Efecto Monotributo: comercios dejan el QR y golpean a Mercado Pago

Carteles en vidrieras y avisos a clientes anticipan un cambio de conducta: ante el uso de información fiscal por parte de ARCA, monotributistas optan por reducir cobros digitales para evitar recategorizaciones.

POR REDACCIÓN

Hace 2 horas
Menos billetera virtual, más efectivo: el impacto tributario en los pequeños negocios. FOTO: Gentileza

La acción de Mercado Libre atraviesa un mes de fuerte volatilidad. En lo que va de febrero acumula una caída cercana al 18%, pese a haber presentado un balance con números en expansión. Detrás del retroceso bursátil aparece un doble impacto: por un lado, márgenes levemente por debajo de lo esperado; por otro, el efecto local de la recategorización compulsiva del monotributo que comenzó a impactar de lleno en Mercado Pago.

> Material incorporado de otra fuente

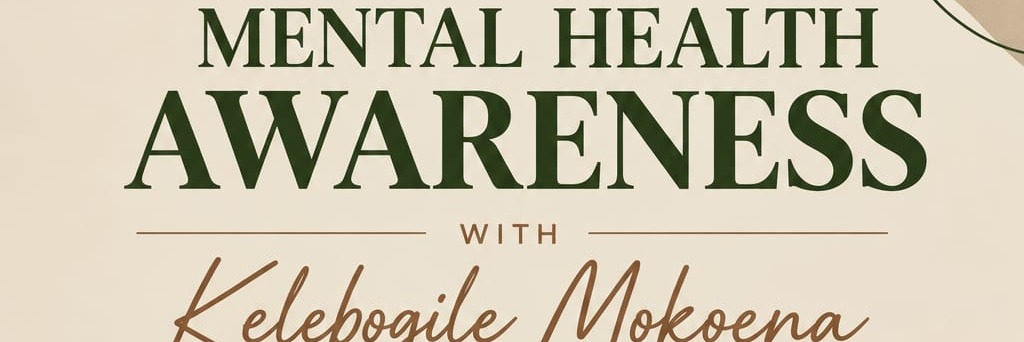 Mental Health Awareness with Kelebogile Mokoena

En el cuarto trimestre de 2025, la compañía reportó ingresos por USD 8.760 millones, con un crecimiento interanual cercano al 45%. El volumen bruto de ventas alcanzó los USD 19.900 millones y la fintech del grupo procesó USD 83.700 millones en transacciones. Sin embargo, Wall Street penalizó la acción tras la presentación de resultados: el margen operativo quedó levemente por debajo de lo proyectado y la ganancia por acción no alcanzó las expectativas.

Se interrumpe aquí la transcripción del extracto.